Task details
Copy every line of the entries that has the string "Jacuzzi" in it.

Stored dataset items:
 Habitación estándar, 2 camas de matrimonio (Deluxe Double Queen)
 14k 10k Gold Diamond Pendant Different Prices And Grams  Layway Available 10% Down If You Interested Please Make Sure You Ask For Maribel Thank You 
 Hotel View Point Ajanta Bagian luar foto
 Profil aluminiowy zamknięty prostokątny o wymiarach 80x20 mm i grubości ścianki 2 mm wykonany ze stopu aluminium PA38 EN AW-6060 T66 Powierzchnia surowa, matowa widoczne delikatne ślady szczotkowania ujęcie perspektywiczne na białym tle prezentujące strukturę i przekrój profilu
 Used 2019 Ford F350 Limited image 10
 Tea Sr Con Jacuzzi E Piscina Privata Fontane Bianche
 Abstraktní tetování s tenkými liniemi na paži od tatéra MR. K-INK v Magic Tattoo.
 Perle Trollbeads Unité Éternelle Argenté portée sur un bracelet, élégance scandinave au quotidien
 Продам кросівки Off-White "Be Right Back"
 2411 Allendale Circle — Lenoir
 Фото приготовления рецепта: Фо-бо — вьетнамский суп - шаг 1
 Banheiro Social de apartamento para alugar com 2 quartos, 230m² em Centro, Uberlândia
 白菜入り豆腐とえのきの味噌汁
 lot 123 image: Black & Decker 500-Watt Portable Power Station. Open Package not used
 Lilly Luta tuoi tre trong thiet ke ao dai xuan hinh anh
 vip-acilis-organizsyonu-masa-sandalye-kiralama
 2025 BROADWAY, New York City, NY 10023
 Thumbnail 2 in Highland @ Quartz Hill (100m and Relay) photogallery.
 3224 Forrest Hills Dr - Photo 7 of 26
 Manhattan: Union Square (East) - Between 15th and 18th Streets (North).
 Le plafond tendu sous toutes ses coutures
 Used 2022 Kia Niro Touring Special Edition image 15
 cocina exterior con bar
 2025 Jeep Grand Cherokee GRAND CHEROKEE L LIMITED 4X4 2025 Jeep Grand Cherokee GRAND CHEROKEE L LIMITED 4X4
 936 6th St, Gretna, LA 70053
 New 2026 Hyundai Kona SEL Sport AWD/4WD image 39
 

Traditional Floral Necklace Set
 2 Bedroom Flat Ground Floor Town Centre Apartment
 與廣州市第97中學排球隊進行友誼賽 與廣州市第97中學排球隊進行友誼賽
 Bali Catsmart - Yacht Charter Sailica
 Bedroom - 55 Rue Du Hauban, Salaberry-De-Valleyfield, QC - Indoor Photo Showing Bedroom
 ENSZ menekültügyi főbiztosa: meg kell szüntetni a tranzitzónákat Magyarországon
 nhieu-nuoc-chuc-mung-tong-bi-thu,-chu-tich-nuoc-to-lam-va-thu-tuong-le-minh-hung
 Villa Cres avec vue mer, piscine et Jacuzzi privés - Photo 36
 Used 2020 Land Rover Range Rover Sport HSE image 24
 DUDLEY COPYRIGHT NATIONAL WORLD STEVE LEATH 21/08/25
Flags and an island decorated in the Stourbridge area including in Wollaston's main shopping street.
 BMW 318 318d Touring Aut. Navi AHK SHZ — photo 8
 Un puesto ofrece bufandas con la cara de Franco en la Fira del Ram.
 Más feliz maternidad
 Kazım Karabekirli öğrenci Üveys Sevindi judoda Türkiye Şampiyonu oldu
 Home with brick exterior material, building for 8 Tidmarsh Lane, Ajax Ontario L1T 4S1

Result for this exercise
 Tea Sr Con Jacuzzi E Piscina Privata Fontane Bianche
 Villa Cres avec vue mer, piscine et Jacuzzi privés - Photo 36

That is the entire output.